Eventually we meet Jonathan Strange and watch as he meets his fate in magic. Strange turns out to be the one magician that Norrell cannot silence and is subsequently forced to take him on as a pupil. Strange is everything Norrell is not: enthusiastic, agreeable, outgoing and not in the least bit adverse to small displays of magic for curious Londoners. Together, Norrell and Strange set out to restore English magic to its former majesty and power (though Norrell isn’t as gung-ho about this as Strange)
Along the way we meet several important people: Strange’s wife Arabella, Norrell’s entourage Drawlight and Lascells, Sir Walter and Lady Pole, their manservant Stephen Black and his nemesis (and self-proclaimed Best friend) The Gentleman with the Thistledown hair. All these people, and more, weave an intricate story (including very detailed footnotes, some of which last many pages beyond the original chapter) of how Strange and Norrell bring about the return of English magic.
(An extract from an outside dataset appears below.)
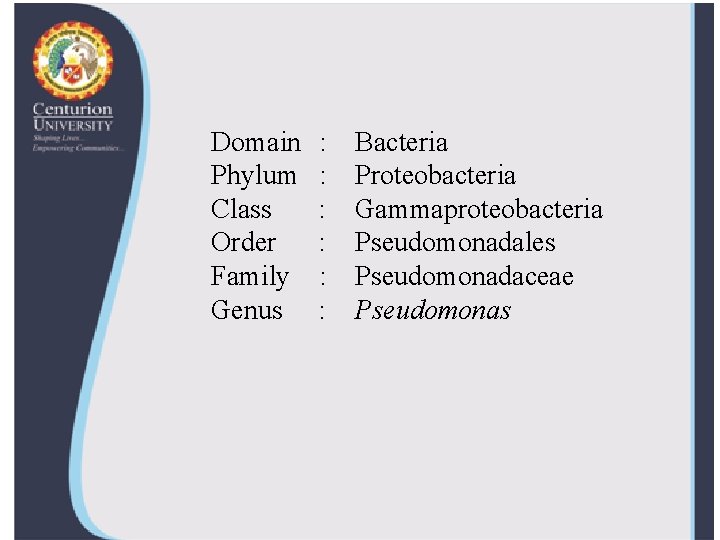 Domain Phylum Class Order Family Genus : : : Bacteria Proteobacteria Gammaproteobacteria Pseudomonadales Pseudomonadaceae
Due to the rambling and detailed nature of this story I don’t think I can recommend it to a wide audience. Certainly it is worth reading and/or listening to, but if you’ve tried to read The Lord of the Rings and just couldn’t get past the Tom Bombadil chapter I imagine you may find the first third of this book difficult to wade through. If you stick it out an get past the set up to the whole book you will be well rewarded in the end. A long story but worth the time spent on it.